(Data extracted from a collection)
Start of Block

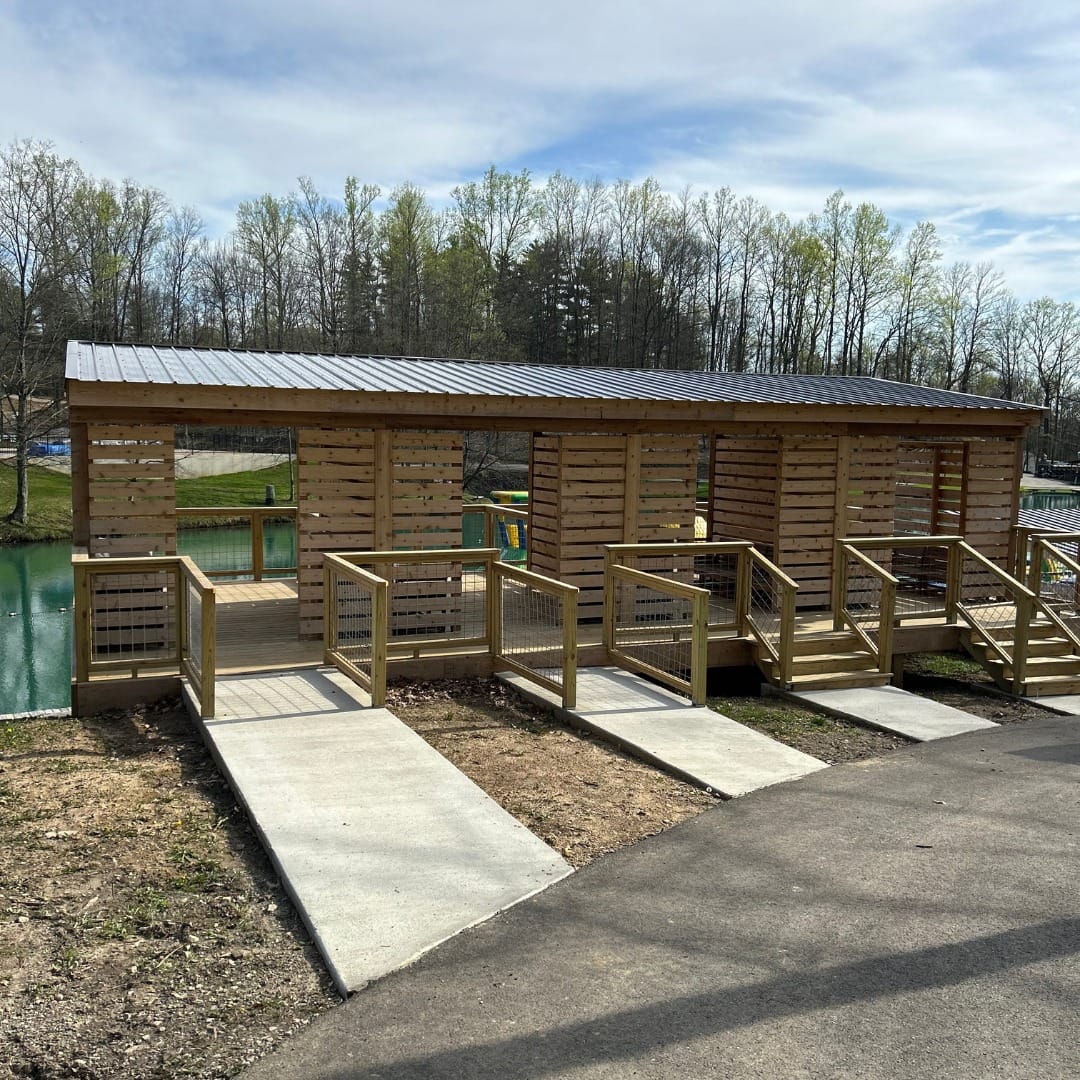 A wooden shelter with a metal roof and multiple ramps is positioned by a pond, surrounded by trees, offering a touch of luxury glamping near Yogi Bear’s Jellystone Park.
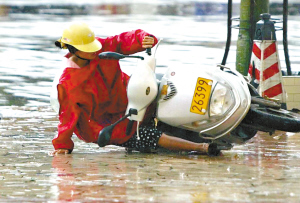 大雨天,一辆摩托车进入广场时连人带车摔倒在雨中. 记者龙成通 摄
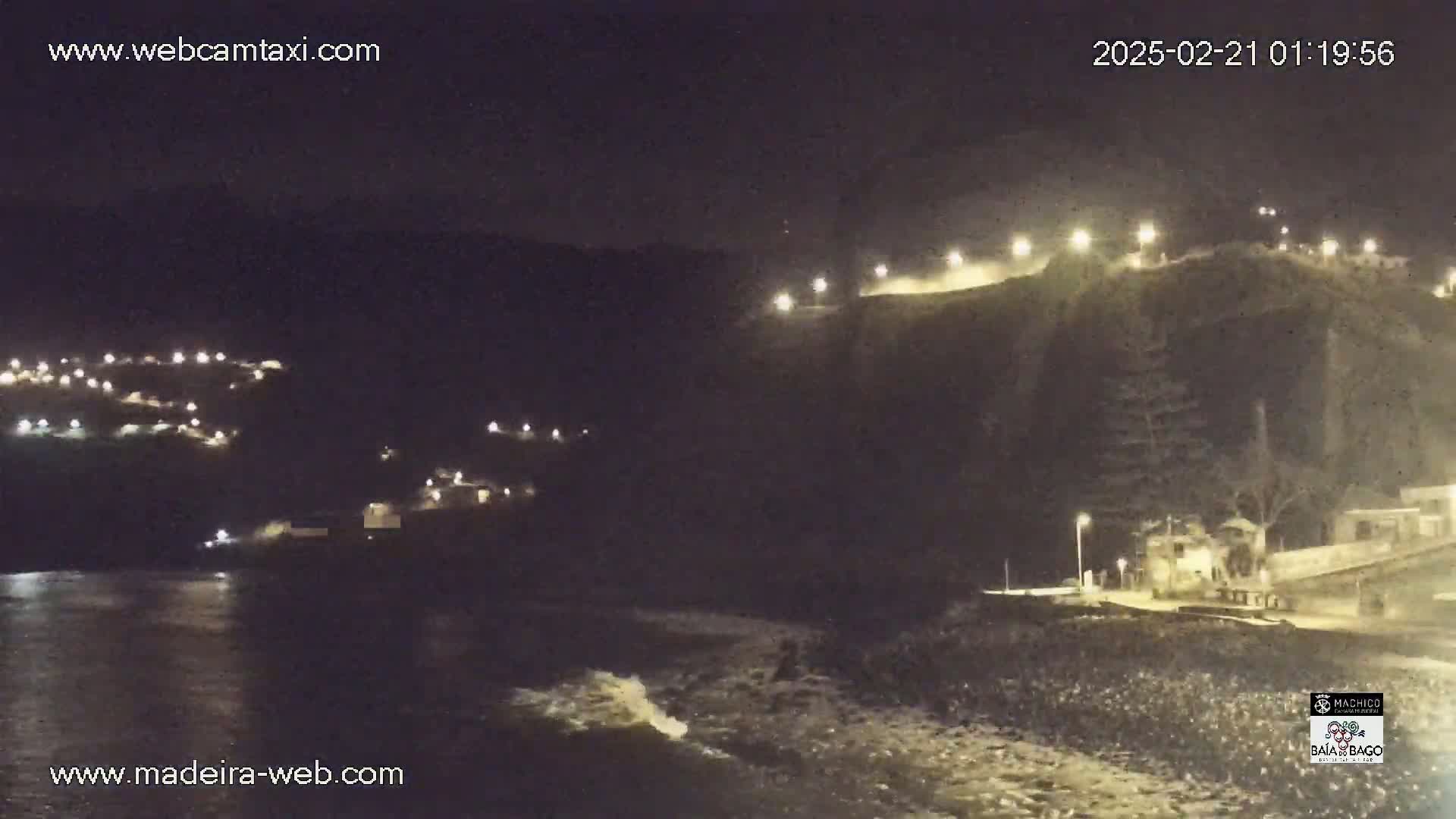 A nighttime coastal scene shows a dark ocean with waves lapping a rocky shore,  illuminated buildings on a hillside, and lights along a clifftop road.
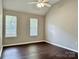 Bright bedroom with hardwood flooring and natural light from two windows at 4504 Bellmore Ct, Charlotte, NC 28269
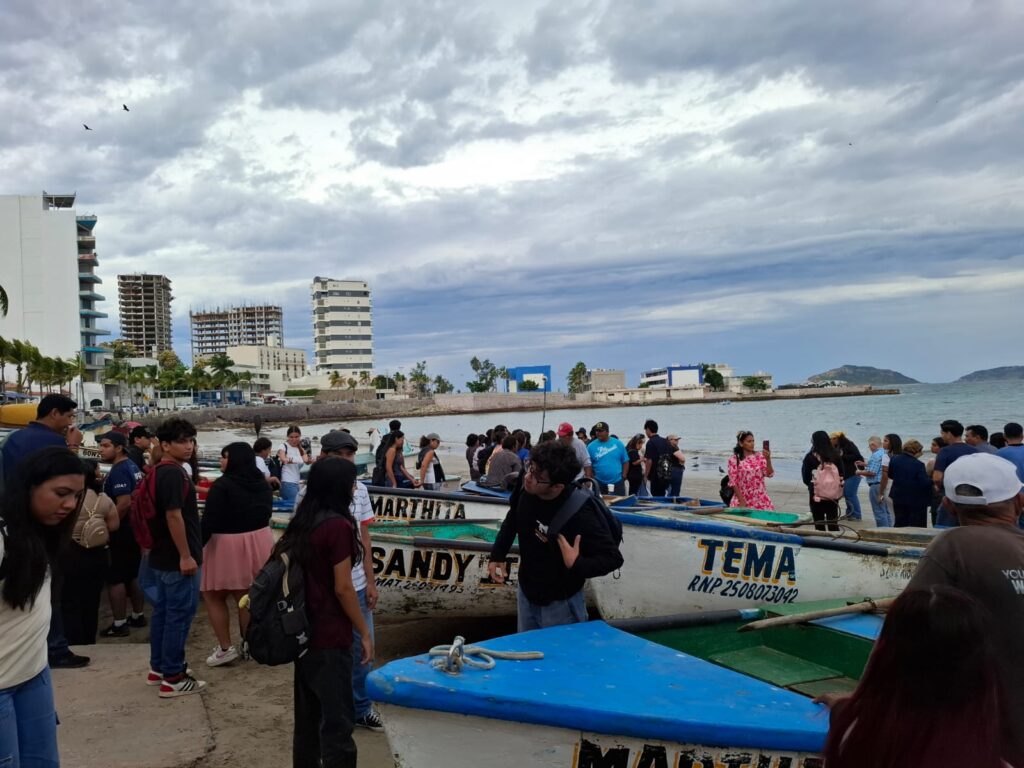 Personas junto a lanchas de pescadores en Mazatlán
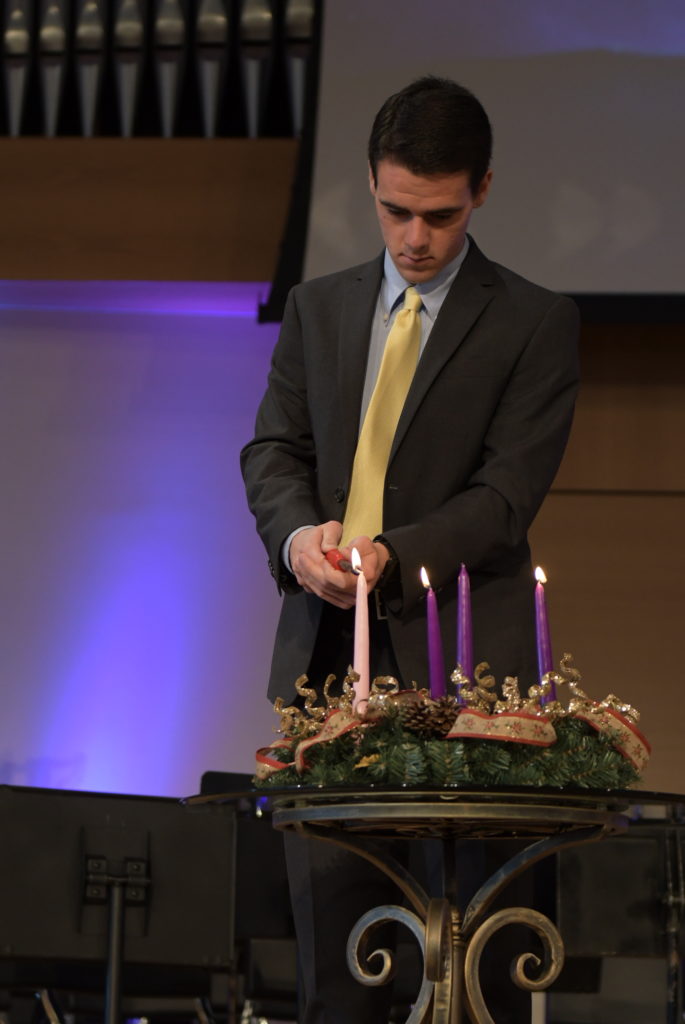 Corbin Harris lights the advent candles during the CU Family chapel service. (CU Photo by Emily Barth)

End of Block

Exercise directions
Transcribe all of the records above character for character. Exclude the pictures.

Response
 A wooden shelter with a metal roof and multiple ramps is positioned by a pond, surrounded by trees, offering a touch of luxury glamping near Yogi Bear’s Jellystone Park.
 大雨天,一辆摩托车进入广场时连人带车摔倒在雨中. 记者龙成通 摄
 A nighttime coastal scene shows a dark ocean with waves lapping a rocky shore,  illuminated buildings on a hillside, and lights along a clifftop road.
 Bright bedroom with hardwood flooring and natural light from two windows at 4504 Bellmore Ct, Charlotte, NC 28269
 Personas junto a lanchas de pescadores en Mazatlán
 Corbin Harris lights the advent candles during the CU Family chapel service. (CU Photo by Emily Barth)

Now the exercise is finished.